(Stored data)
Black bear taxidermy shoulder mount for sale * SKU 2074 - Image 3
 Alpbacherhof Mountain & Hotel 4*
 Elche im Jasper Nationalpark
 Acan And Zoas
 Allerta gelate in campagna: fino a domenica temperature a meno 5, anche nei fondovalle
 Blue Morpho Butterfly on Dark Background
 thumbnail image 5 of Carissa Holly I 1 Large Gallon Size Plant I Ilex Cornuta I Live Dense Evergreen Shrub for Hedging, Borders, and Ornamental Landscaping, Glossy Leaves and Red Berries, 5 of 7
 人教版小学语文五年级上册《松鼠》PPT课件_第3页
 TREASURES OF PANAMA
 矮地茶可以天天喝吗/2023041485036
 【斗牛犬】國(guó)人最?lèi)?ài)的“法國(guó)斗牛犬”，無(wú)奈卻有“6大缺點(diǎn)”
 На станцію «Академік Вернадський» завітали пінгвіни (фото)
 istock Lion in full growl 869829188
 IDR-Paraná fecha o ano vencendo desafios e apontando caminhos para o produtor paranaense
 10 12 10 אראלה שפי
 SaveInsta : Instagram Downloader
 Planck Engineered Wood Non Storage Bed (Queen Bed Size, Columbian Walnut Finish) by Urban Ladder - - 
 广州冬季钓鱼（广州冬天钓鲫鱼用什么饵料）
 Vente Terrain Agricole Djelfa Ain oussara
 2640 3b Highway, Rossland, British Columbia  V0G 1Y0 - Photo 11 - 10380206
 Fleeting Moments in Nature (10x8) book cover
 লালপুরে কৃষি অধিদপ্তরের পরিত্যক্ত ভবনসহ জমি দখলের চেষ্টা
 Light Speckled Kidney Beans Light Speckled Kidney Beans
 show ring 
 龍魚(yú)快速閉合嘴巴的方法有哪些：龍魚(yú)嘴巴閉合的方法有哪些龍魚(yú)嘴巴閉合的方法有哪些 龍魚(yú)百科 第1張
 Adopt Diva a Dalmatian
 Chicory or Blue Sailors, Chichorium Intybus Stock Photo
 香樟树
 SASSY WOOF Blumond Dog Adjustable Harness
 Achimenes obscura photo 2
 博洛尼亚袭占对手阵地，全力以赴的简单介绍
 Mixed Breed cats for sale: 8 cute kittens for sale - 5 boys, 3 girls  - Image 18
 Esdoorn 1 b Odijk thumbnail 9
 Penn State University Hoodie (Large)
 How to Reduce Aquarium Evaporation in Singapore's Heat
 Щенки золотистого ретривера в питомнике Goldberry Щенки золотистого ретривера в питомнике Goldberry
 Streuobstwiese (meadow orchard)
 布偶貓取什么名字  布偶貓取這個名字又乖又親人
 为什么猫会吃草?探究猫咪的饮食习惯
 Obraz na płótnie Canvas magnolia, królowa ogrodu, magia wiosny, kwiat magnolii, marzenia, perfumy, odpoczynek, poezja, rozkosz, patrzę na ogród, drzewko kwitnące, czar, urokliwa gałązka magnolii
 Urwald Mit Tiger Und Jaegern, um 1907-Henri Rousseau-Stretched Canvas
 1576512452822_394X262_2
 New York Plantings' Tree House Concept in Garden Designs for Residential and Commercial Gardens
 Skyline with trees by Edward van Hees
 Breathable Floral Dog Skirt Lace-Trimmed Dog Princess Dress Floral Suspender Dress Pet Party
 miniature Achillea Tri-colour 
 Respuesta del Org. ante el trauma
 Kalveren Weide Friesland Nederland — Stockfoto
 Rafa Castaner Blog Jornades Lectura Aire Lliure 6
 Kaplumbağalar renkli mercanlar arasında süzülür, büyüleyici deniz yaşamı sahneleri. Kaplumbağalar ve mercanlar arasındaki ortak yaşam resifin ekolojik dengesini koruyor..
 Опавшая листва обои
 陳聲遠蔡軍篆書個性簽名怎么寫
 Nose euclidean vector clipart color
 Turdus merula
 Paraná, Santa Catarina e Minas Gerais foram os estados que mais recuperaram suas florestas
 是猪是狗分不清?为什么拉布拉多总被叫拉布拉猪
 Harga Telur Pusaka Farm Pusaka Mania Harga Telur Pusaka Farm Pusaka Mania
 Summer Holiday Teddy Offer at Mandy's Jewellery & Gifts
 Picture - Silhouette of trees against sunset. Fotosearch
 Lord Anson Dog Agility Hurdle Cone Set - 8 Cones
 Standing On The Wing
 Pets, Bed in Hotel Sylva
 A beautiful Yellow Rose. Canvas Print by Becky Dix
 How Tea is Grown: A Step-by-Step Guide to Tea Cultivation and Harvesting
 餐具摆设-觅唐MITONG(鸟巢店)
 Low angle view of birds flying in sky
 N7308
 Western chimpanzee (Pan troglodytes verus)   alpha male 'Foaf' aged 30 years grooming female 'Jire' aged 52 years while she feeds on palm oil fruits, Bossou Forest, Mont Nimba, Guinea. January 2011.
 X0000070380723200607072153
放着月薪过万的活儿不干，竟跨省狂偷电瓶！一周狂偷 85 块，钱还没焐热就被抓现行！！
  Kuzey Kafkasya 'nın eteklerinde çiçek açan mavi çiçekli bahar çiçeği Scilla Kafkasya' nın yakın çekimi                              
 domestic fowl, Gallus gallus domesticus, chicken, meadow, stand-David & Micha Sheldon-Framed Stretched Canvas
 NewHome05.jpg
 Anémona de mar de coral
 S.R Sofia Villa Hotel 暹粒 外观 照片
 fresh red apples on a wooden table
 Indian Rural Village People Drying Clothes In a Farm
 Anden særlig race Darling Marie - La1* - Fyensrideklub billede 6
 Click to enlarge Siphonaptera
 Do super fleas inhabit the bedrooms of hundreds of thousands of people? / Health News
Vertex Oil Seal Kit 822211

• WHAT THE TASK REQUIRES: Set down each line exactly as it appears in the data.

• ANSWER BOX:
Black bear taxidermy shoulder mount for sale * SKU 2074 - Image 3
 Alpbacherhof Mountain & Hotel 4*
 Elche im Jasper Nationalpark
 Acan And Zoas
 Allerta gelate in campagna: fino a domenica temperature a meno 5, anche nei fondovalle
 Blue Morpho Butterfly on Dark Background
 thumbnail image 5 of Carissa Holly I 1 Large Gallon Size Plant I Ilex Cornuta I Live Dense Evergreen Shrub for Hedging, Borders, and Ornamental Landscaping, Glossy Leaves and Red Berries, 5 of 7
 人教版小学语文五年级上册《松鼠》PPT课件_第3页
 TREASURES OF PANAMA
 矮地茶可以天天喝吗/2023041485036
 【斗牛犬】國(guó)人最?lèi)?ài)的“法國(guó)斗牛犬”，無(wú)奈卻有“6大缺點(diǎn)”
 На станцію «Академік Вернадський» завітали пінгвіни (фото)
 istock Lion in full growl 869829188
 IDR-Paraná fecha o ano vencendo desafios e apontando caminhos para o produtor paranaense
 10 12 10 אראלה שפי
 SaveInsta : Instagram Downloader
 Planck Engineered Wood Non Storage Bed (Queen Bed Size, Columbian Walnut Finish) by Urban Ladder - - 
 广州冬季钓鱼（广州冬天钓鲫鱼用什么饵料）
 Vente Terrain Agricole Djelfa Ain oussara
 2640 3b Highway, Rossland, British Columbia  V0G 1Y0 - Photo 11 - 10380206
 Fleeting Moments in Nature (10x8) book cover
 লালপুরে কৃষি অধিদপ্তরের পরিত্যক্ত ভবনসহ জমি দখলের চেষ্টা
 Light Speckled Kidney Beans Light Speckled Kidney Beans
 show ring 
 龍魚(yú)快速閉合嘴巴的方法有哪些：龍魚(yú)嘴巴閉合的方法有哪些龍魚(yú)嘴巴閉合的方法有哪些 龍魚(yú)百科 第1張
 Adopt Diva a Dalmatian
 Chicory or Blue Sailors, Chichorium Intybus Stock Photo
 香樟树
 SASSY WOOF Blumond Dog Adjustable Harness
 Achimenes obscura photo 2
 博洛尼亚袭占对手阵地，全力以赴的简单介绍
 Mixed Breed cats for sale: 8 cute kittens for sale - 5 boys, 3 girls  - Image 18
 Esdoorn 1 b Odijk thumbnail 9
 Penn State University Hoodie (Large)
 How to Reduce Aquarium Evaporation in Singapore's Heat
 Щенки золотистого ретривера в питомнике Goldberry Щенки золотистого ретривера в питомнике Goldberry
 Streuobstwiese (meadow orchard)
 布偶貓取什么名字  布偶貓取這個名字又乖又親人
 为什么猫会吃草?探究猫咪的饮食习惯
 Obraz na płótnie Canvas magnolia, królowa ogrodu, magia wiosny, kwiat magnolii, marzenia, perfumy, odpoczynek, poezja, rozkosz, patrzę na ogród, drzewko kwitnące, czar, urokliwa gałązka magnolii
 Urwald Mit Tiger Und Jaegern, um 1907-Henri Rousseau-Stretched Canvas
 1576512452822_394X262_2
 New York Plantings' Tree House Concept in Garden Designs for Residential and Commercial Gardens
 Skyline with trees by Edward van Hees
 Breathable Floral Dog Skirt Lace-Trimmed Dog Princess Dress Floral Suspender Dress Pet Party
 miniature Achillea Tri-colour 
 Respuesta del Org. ante el trauma
 Kalveren Weide Friesland Nederland — Stockfoto
 Rafa Castaner Blog Jornades Lectura Aire Lliure 6
 Kaplumbağalar renkli mercanlar arasında süzülür, büyüleyici deniz yaşamı sahneleri. Kaplumbağalar ve mercanlar arasındaki ortak yaşam resifin ekolojik dengesini koruyor..
 Опавшая листва обои
 陳聲遠蔡軍篆書個性簽名怎么寫
 Nose euclidean vector clipart color
 Turdus merula
 Paraná, Santa Catarina e Minas Gerais foram os estados que mais recuperaram suas florestas
 是猪是狗分不清?为什么拉布拉多总被叫拉布拉猪
 Harga Telur Pusaka Farm Pusaka Mania Harga Telur Pusaka Farm Pusaka Mania
 Summer Holiday Teddy Offer at Mandy's Jewellery & Gifts
 Picture - Silhouette of trees against sunset. Fotosearch
 Lord Anson Dog Agility Hurdle Cone Set - 8 Cones
 Standing On The Wing
 Pets, Bed in Hotel Sylva
 A beautiful Yellow Rose. Canvas Print by Becky Dix
 How Tea is Grown: A Step-by-Step Guide to Tea Cultivation and Harvesting
 餐具摆设-觅唐MITONG(鸟巢店)
 Low angle view of birds flying in sky
 N7308
 Western chimpanzee (Pan troglodytes verus)   alpha male 'Foaf' aged 30 years grooming female 'Jire' aged 52 years while she feeds on palm oil fruits, Bossou Forest, Mont Nimba, Guinea. January 2011.
 X0000070380723200607072153
放着月薪过万的活儿不干，竟跨省狂偷电瓶！一周狂偷 85 块，钱还没焐热就被抓现行！！
  Kuzey Kafkasya 'nın eteklerinde çiçek açan mavi çiçekli bahar çiçeği Scilla Kafkasya' nın yakın çekimi                              
 domestic fowl, Gallus gallus domesticus, chicken, meadow, stand-David & Micha Sheldon-Framed Stretched Canvas
 NewHome05.jpg
 Anémona de mar de coral
 S.R Sofia Villa Hotel 暹粒 外观 照片
 fresh red apples on a wooden table
 Indian Rural Village People Drying Clothes In a Farm
 Anden særlig race Darling Marie - La1* - Fyensrideklub billede 6
 Click to enlarge Siphonaptera
 Do super fleas inhabit the bedrooms of hundreds of thousands of people? / Health News
Vertex Oil Seal Kit 822211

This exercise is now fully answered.